Он и сам знал, что время перевалило за полночь, но, как в воздухе, нуждался в подтверждении товарища.
— Нет, теперь уже двадцать третье потекло, — ответил Дыбок, вглядываясь в небо, как в большой календарь; он поёжился и широко зевнул. — Морозит хорошо... а то совсем наш брат танкист замаялся. Чудно — никогда мне есть так не хотелось, лейтенант!
11
Ещё три больших часа длился нечеловеческий труд, из которого в равных долях с опасностью и скукой состоит война. Похолодало, изредка прогревали мотор. Все были мокрые, все успели побывать под танком. Молча сменяя друг друга, теперь они жалели силы даже на шутку. Первым выбыл Обрядин: сквозь рукав легко прощупывалась опухоль на локте. Он взялся за флягу и сразу бросил её на дно танка, чтоб не дразнить себя оставшимся полуглотком. Потом лейтенант приказал водителю поспать часок до рассвета, перед тем как тронуться в путь. Последнюю четверть часа он копался сам, в одиночку, в липкой стынущей гуще.
Корма опускалась с резвостью часовой стрелки. Пушка, будь она с другой стороны, показала бы половину пятого, когда крутизна наклона стала преодолимой для мотора. И в третий раз Дыбок по колено вступил в воду, чтобы выпустить целое озеро её через аварийный люк. Зато потом он разулся без всякого разрешения и оставил обувь сушиться на полуостылой решётке трансмиссии: воевать вовсе босым было бы ему не в пример легче.
— Ну... будем живы, — повторил давешнее слово Собольков и засмеялся. — Ангел мщенья, а не машина. Доброе утро тебе... ангел! — взволнованно прибавил он, обходя танк и лаская рукой его ходовые части.
Давно, ребёнком, в глухой староверской моленной на Алтае он видел такого ангела, которого в рост, на кривой, как корыто, доске изобразил дотошный и поэтический богомаз. Непонятно, как не отвергла церковь такого жестокого и чрезмерно правдивого творенья. Ангел был щербатый, некрасивый и худой, в будничной рабочей одежде цвета неостылого пепла; широкие, едва ли не демонские крылья были опалены от груза пламени, который ему постоянно приходилось таскать на себе.

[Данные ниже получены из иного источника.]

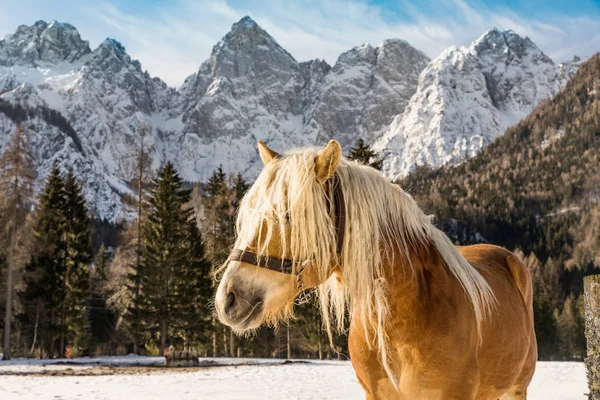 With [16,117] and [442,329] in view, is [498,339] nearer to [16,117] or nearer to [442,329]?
[442,329]

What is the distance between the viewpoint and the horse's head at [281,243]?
6.71 feet

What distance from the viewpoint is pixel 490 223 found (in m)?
117

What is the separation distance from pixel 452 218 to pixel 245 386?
110770 millimetres

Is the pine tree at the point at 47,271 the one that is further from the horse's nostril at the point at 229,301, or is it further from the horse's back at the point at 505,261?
the horse's nostril at the point at 229,301

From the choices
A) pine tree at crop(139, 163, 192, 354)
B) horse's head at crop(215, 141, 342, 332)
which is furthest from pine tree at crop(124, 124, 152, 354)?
horse's head at crop(215, 141, 342, 332)

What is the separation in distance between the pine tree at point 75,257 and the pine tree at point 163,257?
3.43 meters

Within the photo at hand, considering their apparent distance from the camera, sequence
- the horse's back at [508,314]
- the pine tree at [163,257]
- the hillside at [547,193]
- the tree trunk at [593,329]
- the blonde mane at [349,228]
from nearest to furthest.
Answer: the blonde mane at [349,228] → the horse's back at [508,314] → the tree trunk at [593,329] → the pine tree at [163,257] → the hillside at [547,193]

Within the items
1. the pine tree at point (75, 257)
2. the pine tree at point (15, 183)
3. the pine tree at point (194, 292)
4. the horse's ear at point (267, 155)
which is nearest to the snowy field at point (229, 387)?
the horse's ear at point (267, 155)

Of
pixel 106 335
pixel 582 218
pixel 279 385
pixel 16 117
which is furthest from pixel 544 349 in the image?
pixel 16 117

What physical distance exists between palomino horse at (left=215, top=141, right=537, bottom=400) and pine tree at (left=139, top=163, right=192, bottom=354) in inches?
1071

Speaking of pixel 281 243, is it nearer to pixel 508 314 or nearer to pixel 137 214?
pixel 508 314

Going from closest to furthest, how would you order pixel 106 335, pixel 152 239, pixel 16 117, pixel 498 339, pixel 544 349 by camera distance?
pixel 498 339 → pixel 152 239 → pixel 106 335 → pixel 544 349 → pixel 16 117

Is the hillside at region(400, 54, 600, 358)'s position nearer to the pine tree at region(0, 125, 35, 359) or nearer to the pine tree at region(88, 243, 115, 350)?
the pine tree at region(88, 243, 115, 350)

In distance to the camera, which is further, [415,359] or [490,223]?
[490,223] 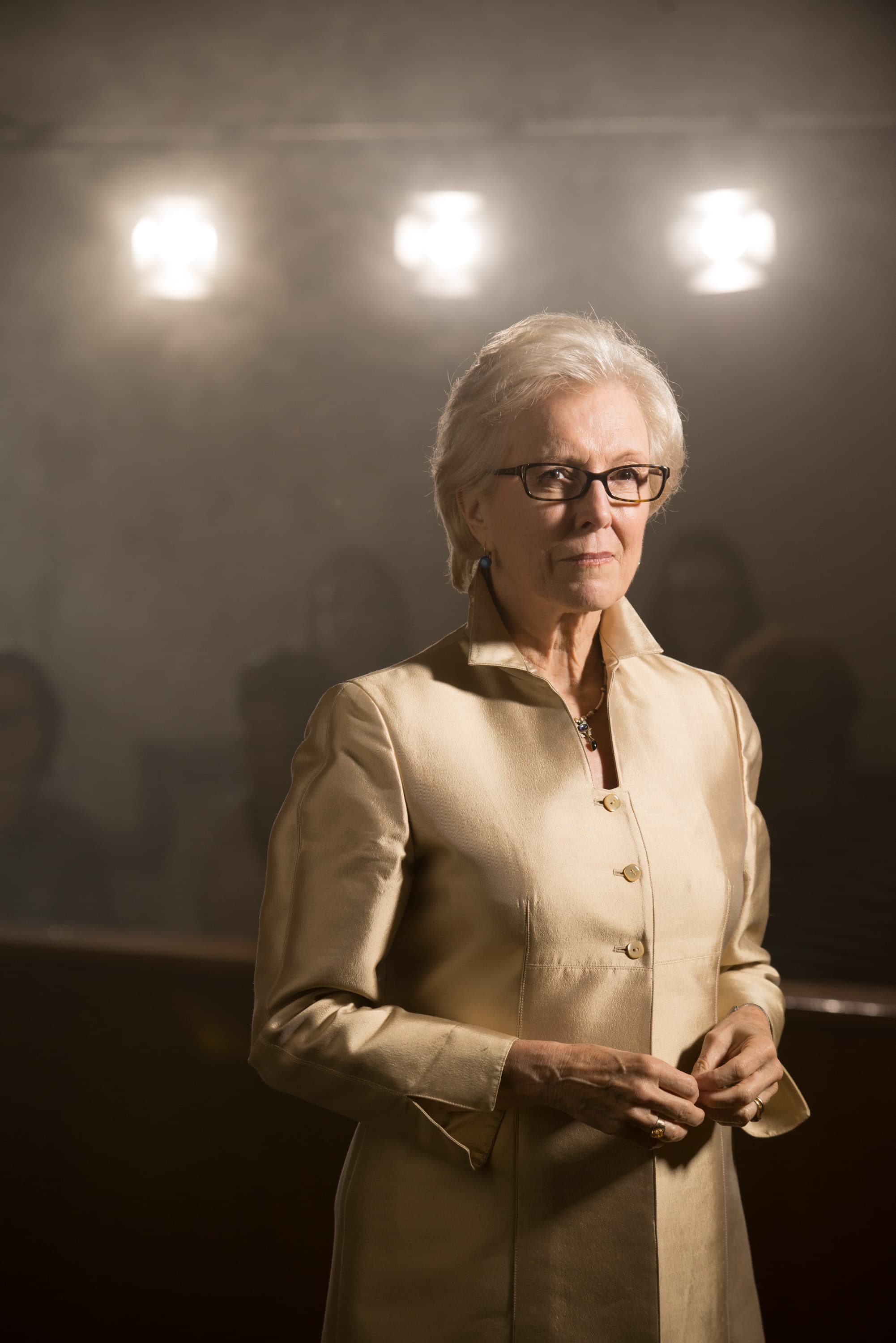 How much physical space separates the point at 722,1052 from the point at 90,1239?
183 cm

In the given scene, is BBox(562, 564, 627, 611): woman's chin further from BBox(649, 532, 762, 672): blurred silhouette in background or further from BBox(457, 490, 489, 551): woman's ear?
BBox(649, 532, 762, 672): blurred silhouette in background

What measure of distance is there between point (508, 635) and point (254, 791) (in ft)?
5.54

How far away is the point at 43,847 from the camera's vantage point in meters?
2.84

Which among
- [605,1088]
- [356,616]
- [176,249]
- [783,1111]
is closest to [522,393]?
[605,1088]

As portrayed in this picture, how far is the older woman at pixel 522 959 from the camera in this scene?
41.5 inches

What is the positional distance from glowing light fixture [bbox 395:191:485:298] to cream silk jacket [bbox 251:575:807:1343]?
1.88m

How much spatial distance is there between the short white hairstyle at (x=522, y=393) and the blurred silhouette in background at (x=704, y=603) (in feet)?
4.23

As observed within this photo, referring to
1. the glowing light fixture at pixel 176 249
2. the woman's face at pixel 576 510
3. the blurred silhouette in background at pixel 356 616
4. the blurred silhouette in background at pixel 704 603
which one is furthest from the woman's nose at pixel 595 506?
the glowing light fixture at pixel 176 249

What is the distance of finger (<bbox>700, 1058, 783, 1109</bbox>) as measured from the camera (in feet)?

Ему не ставили свечей, старухи обходили его, избегая попадаться на глаза, и было страшно представить в действии это мифологическое созданье суровой совести неграмотного сибиряка... Было что-то от ангела мщенья и в двести третьей, как стояла она сейчас, обратясь лицом к врагу, невредимая после стольких бедствий, если не считать оторванного буксирного крюка, смятых надкрылков и многочисленных вмятин, лишь умножавших её гневную и грозную красоту. Белёсый ледок успел намёрзнуть на железных веках её триплексов; она, как живая, помигала ими, когда Собольков разворачивал машину.